**DATA SUPPLIED**.

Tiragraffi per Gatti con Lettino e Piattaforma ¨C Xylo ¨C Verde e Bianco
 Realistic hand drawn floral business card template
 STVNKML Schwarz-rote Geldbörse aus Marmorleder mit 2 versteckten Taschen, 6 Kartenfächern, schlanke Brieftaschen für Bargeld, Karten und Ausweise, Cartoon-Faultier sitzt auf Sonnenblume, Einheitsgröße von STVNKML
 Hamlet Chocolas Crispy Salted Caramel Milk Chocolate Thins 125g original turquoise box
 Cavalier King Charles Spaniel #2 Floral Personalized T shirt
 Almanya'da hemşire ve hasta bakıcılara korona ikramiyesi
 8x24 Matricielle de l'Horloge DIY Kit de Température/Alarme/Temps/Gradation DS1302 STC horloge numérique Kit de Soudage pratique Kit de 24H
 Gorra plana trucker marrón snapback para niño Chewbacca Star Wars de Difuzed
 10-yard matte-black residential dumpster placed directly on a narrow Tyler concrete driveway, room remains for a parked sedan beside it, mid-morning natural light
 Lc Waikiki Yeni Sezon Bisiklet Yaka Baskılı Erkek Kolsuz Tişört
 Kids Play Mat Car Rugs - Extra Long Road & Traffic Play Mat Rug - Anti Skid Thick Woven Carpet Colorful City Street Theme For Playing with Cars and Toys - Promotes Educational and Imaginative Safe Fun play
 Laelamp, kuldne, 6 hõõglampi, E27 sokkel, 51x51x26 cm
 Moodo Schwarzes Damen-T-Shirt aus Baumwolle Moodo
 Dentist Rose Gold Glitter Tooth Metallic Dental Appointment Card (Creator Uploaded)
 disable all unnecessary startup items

**TASK OBJECTIVE**. Each entry above must be printed exactly as written.

**TASK OUTPUT**.
Tiragraffi per Gatti con Lettino e Piattaforma ¨C Xylo ¨C Verde e Bianco
 Realistic hand drawn floral business card template
 STVNKML Schwarz-rote Geldbörse aus Marmorleder mit 2 versteckten Taschen, 6 Kartenfächern, schlanke Brieftaschen für Bargeld, Karten und Ausweise, Cartoon-Faultier sitzt auf Sonnenblume, Einheitsgröße von STVNKML
 Hamlet Chocolas Crispy Salted Caramel Milk Chocolate Thins 125g original turquoise box
 Cavalier King Charles Spaniel #2 Floral Personalized T shirt
 Almanya'da hemşire ve hasta bakıcılara korona ikramiyesi
 8x24 Matricielle de l'Horloge DIY Kit de Température/Alarme/Temps/Gradation DS1302 STC horloge numérique Kit de Soudage pratique Kit de 24H
 Gorra plana trucker marrón snapback para niño Chewbacca Star Wars de Difuzed
 10-yard matte-black residential dumpster placed directly on a narrow Tyler concrete driveway, room remains for a parked sedan beside it, mid-morning natural light
 Lc Waikiki Yeni Sezon Bisiklet Yaka Baskılı Erkek Kolsuz Tişört
 Kids Play Mat Car Rugs - Extra Long Road & Traffic Play Mat Rug - Anti Skid Thick Woven Carpet Colorful City Street Theme For Playing with Cars and Toys - Promotes Educational and Imaginative Safe Fun play
 Laelamp, kuldne, 6 hõõglampi, E27 sokkel, 51x51x26 cm
 Moodo Schwarzes Damen-T-Shirt aus Baumwolle Moodo
 Dentist Rose Gold Glitter Tooth Metallic Dental Appointment Card (Creator Uploaded)
 disable all unnecessary startup items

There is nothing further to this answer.